Anarchists should be careful not to fall into the trap of accepting reformist liberal framing of these issues – for instance, despite the quality of its news coverage here, The Guardian’s editorial piece still trotted out the usual warning about what could happen if the total surveillance system fell into “the wrong hands”.

The hands of an ultra-powerful group of secretive, corrupt, power-hungry, warmongering sociopaths who are happy to destroy the planet we live on for their short-term material greed, perhaps?

We need to counter that line by saying loudly and clearly that we are already living in that plutofascist society and that the tear gas, surveillance and police spies are all just part of the prison they have built around us.

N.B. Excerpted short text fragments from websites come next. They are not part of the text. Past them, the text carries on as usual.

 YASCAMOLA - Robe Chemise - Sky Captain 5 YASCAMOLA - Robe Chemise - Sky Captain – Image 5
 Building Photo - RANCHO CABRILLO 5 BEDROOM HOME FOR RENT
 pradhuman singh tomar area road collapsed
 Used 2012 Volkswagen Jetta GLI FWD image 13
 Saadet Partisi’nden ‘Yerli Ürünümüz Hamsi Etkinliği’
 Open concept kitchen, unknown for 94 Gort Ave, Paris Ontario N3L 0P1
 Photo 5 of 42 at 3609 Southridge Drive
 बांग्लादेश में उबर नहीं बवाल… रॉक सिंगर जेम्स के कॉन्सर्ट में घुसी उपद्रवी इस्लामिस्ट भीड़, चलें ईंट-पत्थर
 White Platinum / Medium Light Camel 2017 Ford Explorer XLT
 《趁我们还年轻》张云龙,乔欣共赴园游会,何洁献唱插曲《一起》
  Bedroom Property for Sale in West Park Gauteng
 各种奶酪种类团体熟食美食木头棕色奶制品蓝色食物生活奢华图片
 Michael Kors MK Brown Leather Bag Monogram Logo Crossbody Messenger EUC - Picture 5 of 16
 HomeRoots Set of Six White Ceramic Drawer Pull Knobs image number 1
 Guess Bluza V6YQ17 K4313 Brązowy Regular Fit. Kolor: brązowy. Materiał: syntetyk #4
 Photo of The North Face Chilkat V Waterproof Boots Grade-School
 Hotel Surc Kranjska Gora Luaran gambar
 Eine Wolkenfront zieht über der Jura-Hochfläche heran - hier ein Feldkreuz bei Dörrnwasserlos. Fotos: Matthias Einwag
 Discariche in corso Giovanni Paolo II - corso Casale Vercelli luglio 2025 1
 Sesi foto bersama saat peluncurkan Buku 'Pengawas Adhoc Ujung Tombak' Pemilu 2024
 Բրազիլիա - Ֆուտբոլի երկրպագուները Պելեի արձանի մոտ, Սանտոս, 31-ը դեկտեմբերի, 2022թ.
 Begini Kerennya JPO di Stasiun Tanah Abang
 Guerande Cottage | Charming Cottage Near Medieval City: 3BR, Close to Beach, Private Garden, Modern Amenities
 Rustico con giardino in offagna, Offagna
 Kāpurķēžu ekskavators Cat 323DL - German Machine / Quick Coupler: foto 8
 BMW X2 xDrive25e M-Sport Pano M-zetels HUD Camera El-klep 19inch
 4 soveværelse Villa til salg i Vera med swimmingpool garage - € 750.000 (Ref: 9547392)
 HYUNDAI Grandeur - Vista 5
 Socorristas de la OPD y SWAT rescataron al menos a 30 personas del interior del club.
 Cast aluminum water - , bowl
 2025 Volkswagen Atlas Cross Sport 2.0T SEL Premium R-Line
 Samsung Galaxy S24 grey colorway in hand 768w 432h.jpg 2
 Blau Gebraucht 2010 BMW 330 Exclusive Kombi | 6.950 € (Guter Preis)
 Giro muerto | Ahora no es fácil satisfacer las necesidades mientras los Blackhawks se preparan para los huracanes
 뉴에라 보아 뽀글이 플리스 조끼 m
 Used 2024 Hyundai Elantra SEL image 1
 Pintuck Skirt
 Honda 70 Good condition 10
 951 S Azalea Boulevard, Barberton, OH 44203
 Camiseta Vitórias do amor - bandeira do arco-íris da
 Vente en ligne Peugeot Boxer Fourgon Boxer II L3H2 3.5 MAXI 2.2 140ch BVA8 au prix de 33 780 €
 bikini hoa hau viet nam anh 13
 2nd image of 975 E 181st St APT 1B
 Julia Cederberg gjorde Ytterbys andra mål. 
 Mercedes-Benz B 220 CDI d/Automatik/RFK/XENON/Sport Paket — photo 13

We need to say loudly and clearly that as anarchists we reject all of that, in its entirety, and aren’t just calling for some adjustments here and there.

We need to say loudly and clearly that we refuse to be confined by the mindset that cannot see any other possibilities than the sick capitalist society in which are imprisoned, that we refuse to play their game by their rules, that we don’t even accept the language in which they talk to us or their most basic assumptions about the legitimacy of land ownership, of authority, of their judicial system and the force by which they impose it on us.

This, as I argue in The Anarchist Revelation, is the first step to doing something about it. Our vision – of an entirely different future from the one with which we’ve been presented – has to be voiced before it can be heard. After it has been heard it can be shared and dreamed. And after it has been dreamed it can be turned into reality.

As Dave Morris told The Guardian on Saturday: “All over the world police and secret agents infiltrate opposition movements in order to protect the rich and powerful but as we have seen in so many countries recently people power and the pursuit of truth and justice is unstoppable.”